That said, having played multiple characters into the middle levels and having run an AP from beginning to end, I think I have enough experience with the system under my belt to give an informed opinion.

The big things that keep me from really embracing the system:

* Proficiency scaling is wonky and I'm not sure I entirely like it. With checks/rolls tying directly to critical success and critical failure it pushes players into a situation (even more than usual) where you only ever want the best person doing the thing. It's fun when everyone gets to participate. Creating gameplay where /only/ the bard ever rolls diplomacy checks is a bummer.

* Homogenized races and classes. I miss my partial caster bard. Pushing bards as full casters and gutting their capacity with weapons is another bummer. I liked my highly diverse races with wildly swinging stat arrays. Every time I see a goblin barbarian with 18 strength at level 1 my immersion checks out.

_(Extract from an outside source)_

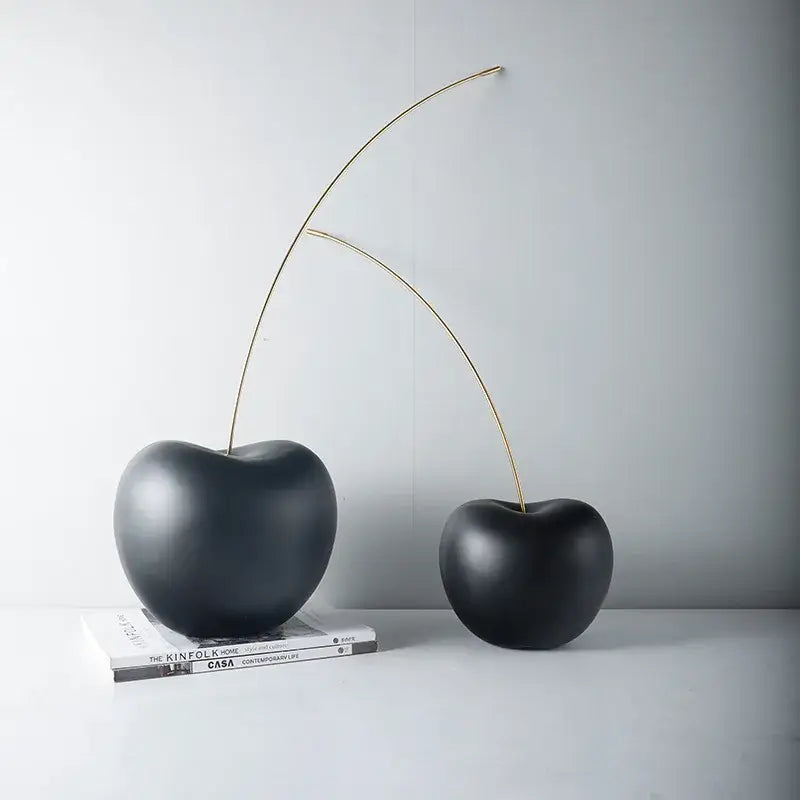 Modern black and gold cherry resin sculpture featuring black cherry resin with slender gold stems for living room decorbites decor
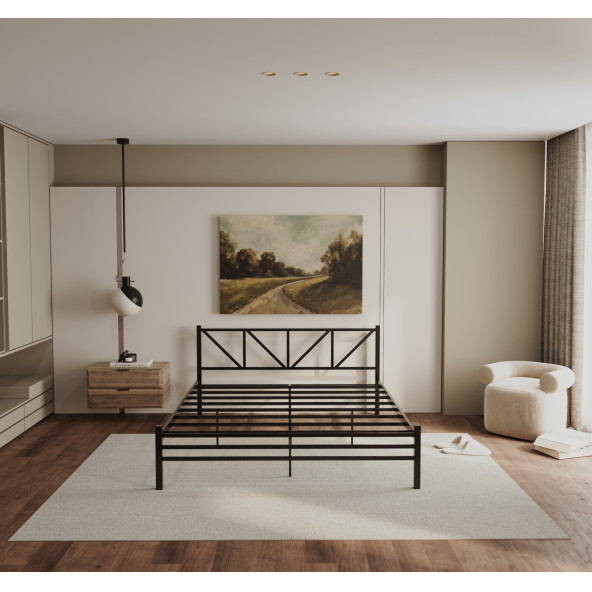 Yüceer Home Çift Kişilik Metal Karyola Ortopedik Ferforje Karyola 160x200 Cm - 3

* The action system and class/feat system isn't as dynamic as it looks on paper. As you level you get lots of options for feats but you eventually fall into an optimal routine and the game plays like an MMO with dedicated rotations. Ironically, PF1's combat system feels more dynamic even though most martials didn't have class-based combat options beyond 'attack'.

* Lore changes. I liked the gritty pulpy Golarion that I was originally pitched. I realize that the term pulpy is kind of loaded but it has to be possible to move away from problematic themes of the past without abandoning the original tone of the setting. I like the fact that the story moved forward in PF2, I just disagree with the direction it took.

Unrelated:

I want to say, I appreciate you spinning up this thread KC. I think constructive feedback is super important if we want to build a better game and one that serves as many people as possible. I agree that it's important to remain respectful but, in my experience, this community is often guilty of pushing a culture of toxic positivity. We need to be able to have civil discourse on things we like and don't like without not liking things immediately being classified as toxic.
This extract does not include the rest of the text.